А вот другой случай: в одном из дел есть очень обширные признательные показания. Человек, который их дал, умер во время следствия и опротестовать что-либо не смог. Но по почерку было видно, что человек писал признания явно не в добром здравии, после допросов по ночам, на которые могли вызывать несколько дней подряд. Естественно, что измученный недосыпанием человек в конце концов мог подписать что угодно. И тем ценнее для нас те следственные дела, где видно, что даже такие условия подследственного не ломают.

— Отец Максим, мы привыкли читать в житиях святых о чудесах: Господь посылает Ангела, который исцеляет раны узника, палачи массово обращаются… В XX веке этого практически нет, так ведь?

— Да, свидетельства о явных чудесах можно пересчитать по пальцам. Так, перед расстрелом священномученик Лаврентий, епископ Балахнинский, викарий Нижегородской епархии (один из первых архипастырей Церкви, пострадавших от террора, он был расстрелян в 1918 году), встал на молитву, и его осиял небесный свет.
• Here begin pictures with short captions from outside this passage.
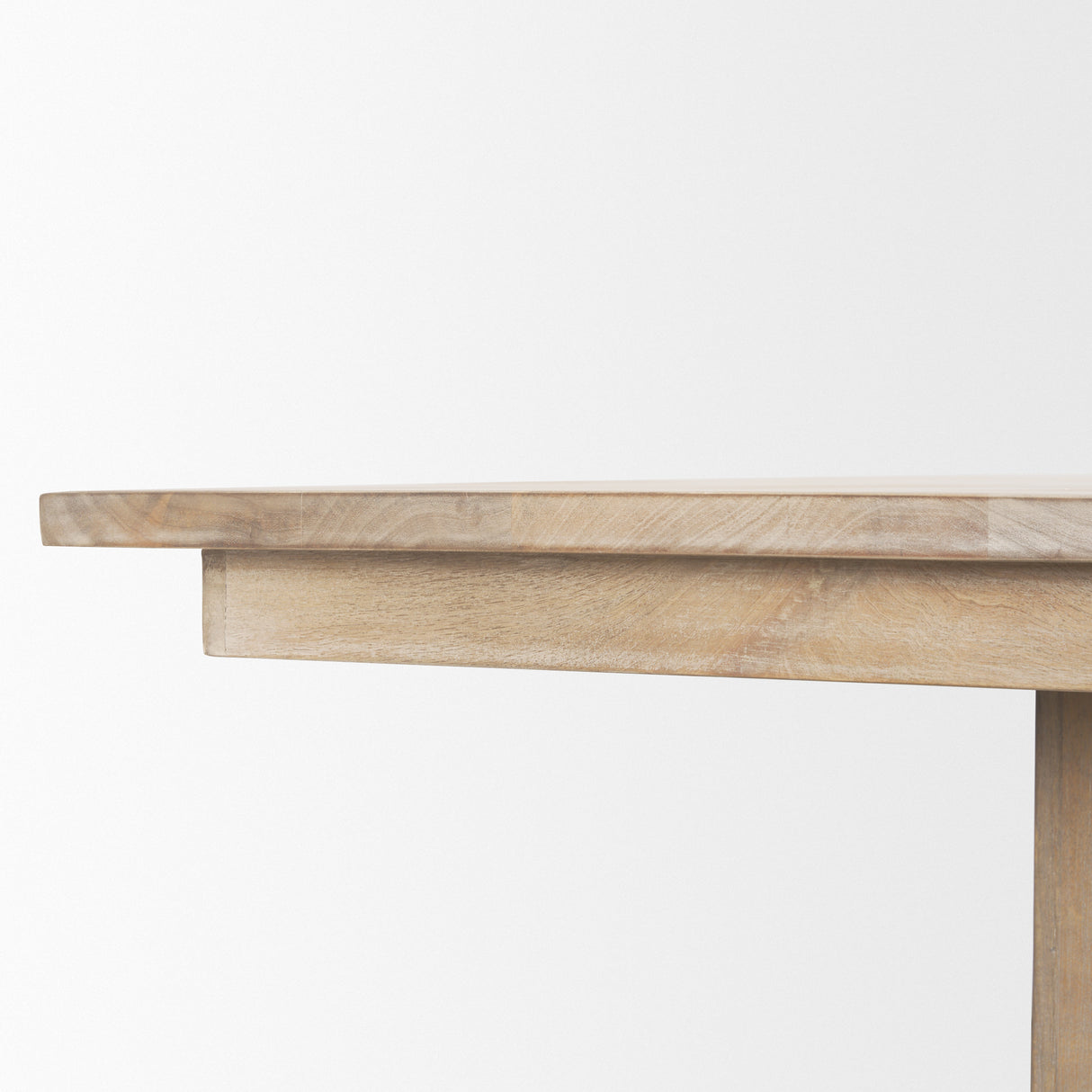 Shivon 84" Rectangular Light Brown Mango Wood W/ Travertine Dining Table from Mercana - Luna Furniture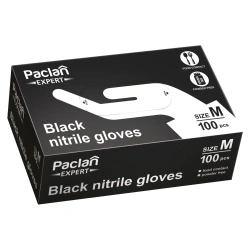 Black nitrile gloves Expert "M" 100 pcs.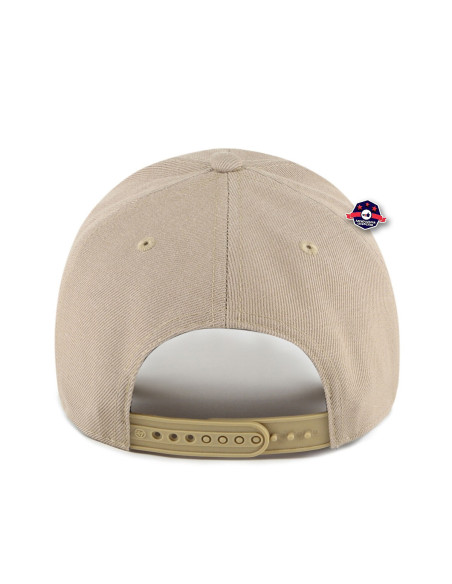NHL CAP BOSTON BRUINS SURE SHOT SNAPBACK MVP KHAKI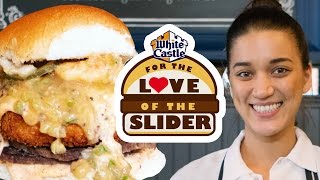 Chef Tanya's Cajun White Castle Burger - Chicago | For the Love of the Slider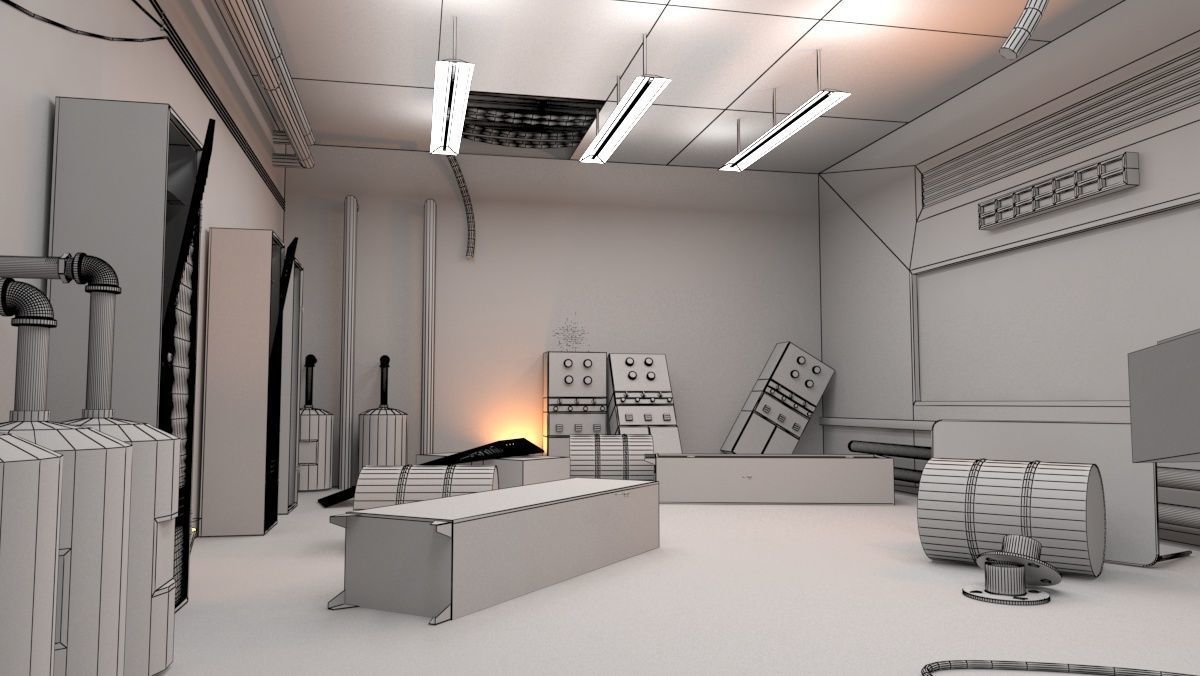 Control Room 3D model_6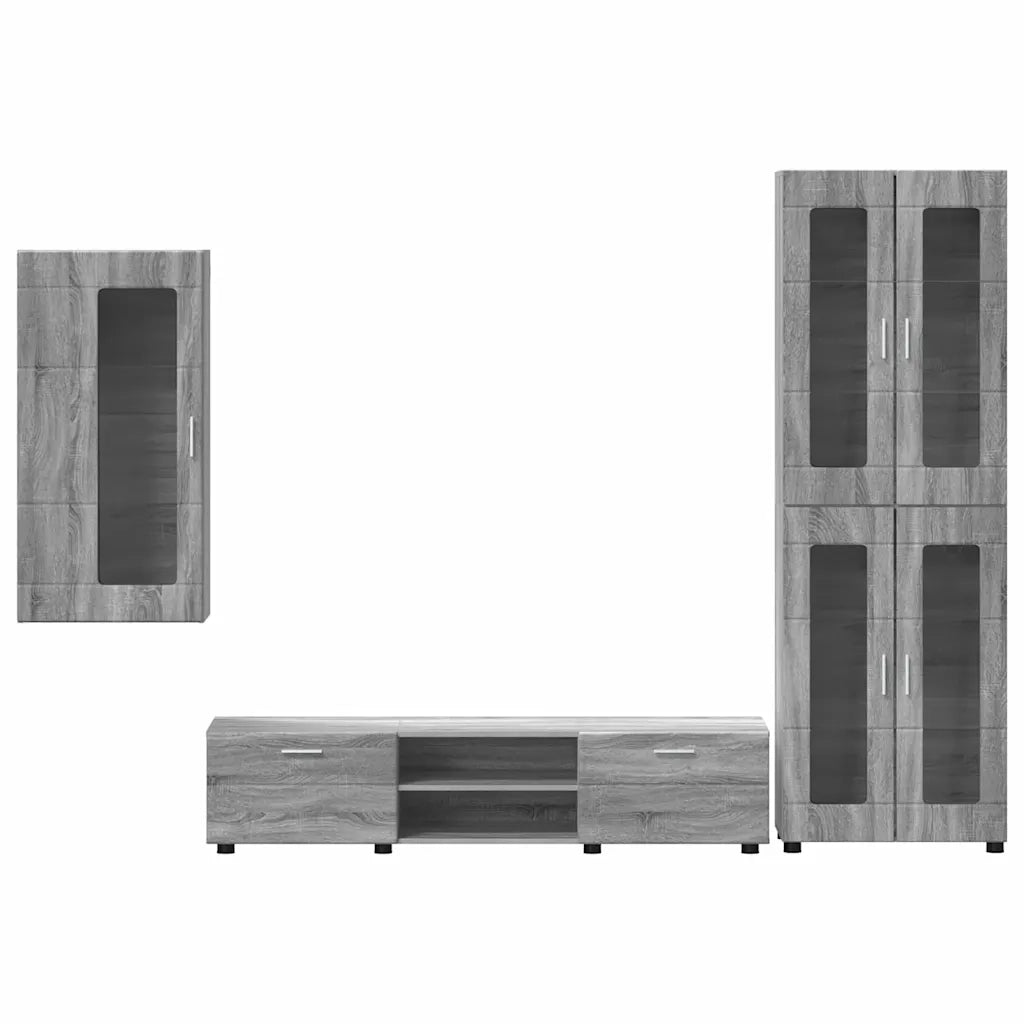 Set mobile TV FLORIN 3 pcs Grigio Sonoma Legno multistrato 3397950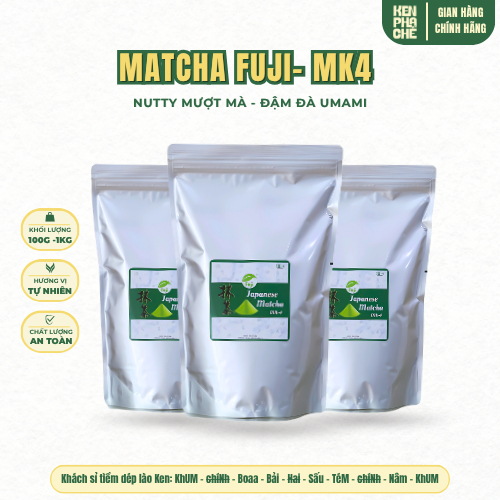 Matcha Fuji Mk4 tách lẻ 100G-150G-200G-250G cam kết chính hãng|KenPhaChe
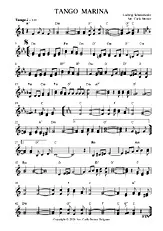 télécharger la partition d'accordéon TANGO MARINA au format PDF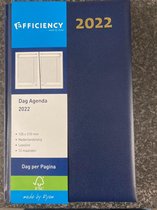 Rayam efficiency kort 1 dag per pagina blauw 2022 14x21.5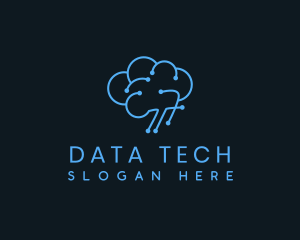 Data - Cloud Data Brain logo design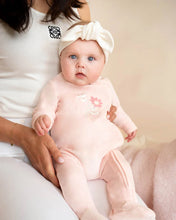 Load image into Gallery viewer, Bébé Fern Velour Embroidered Zip Onesie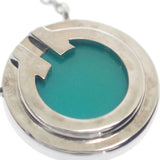 ティファニー TIFFANY&Co. サークルペンダント 67467701 ネックレス K18ホワイトゴールド ターコイズ レディース【中古】【Aランク】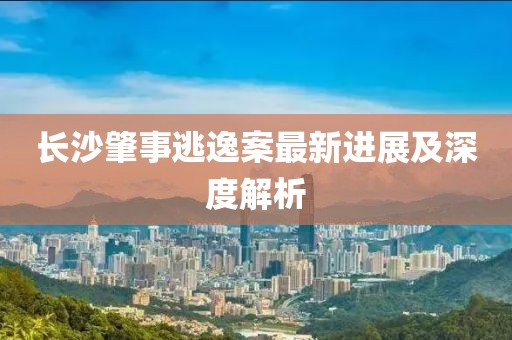 长沙肇事逃逸案最新进展及深度解析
Солдаты побросали винтовки и разбежались. К следующей расстрельной команде его вывели просто в солдатской шинели... Согласно имеющимся воспоминаниям, святой Герман, епископ Вольский, молясь перед расстрелом, поднялся над землей. Бывало, что даже палачи обращались. Так произошло в Уфе в 1928 году, когда конвоиры были расстреляны вместе с мученицей, о чем сами стрелявшие и рассказали потом. Но это исключения из правил.

Гораздо чаще встречается другое чудо — человека не смогли сломать. А ведь давление было самое изощренное. Например, у нас в комиссии лежит материал на одного из расстрелянных священников. В его последнем, уже расстрельном, деле сохранилось свидетельство о том, что на допросе ему назвали имена доносителей — это были люди из его же приходского совета. Священнику словно говорили: «Тебе надеяться не на что. Тебя твои же заложили. Не мучайся, давай поговорим по-хорошему». А он находит в себе силы, во-первых, дезавуировать эти показания против него, а во-вторых, никого не оговорить… Хотя справедливости ради надо сказать: зачастую свидетели даже не знали, что они «скажут»,— им просто давали чистый лист и «предлагали» подписать…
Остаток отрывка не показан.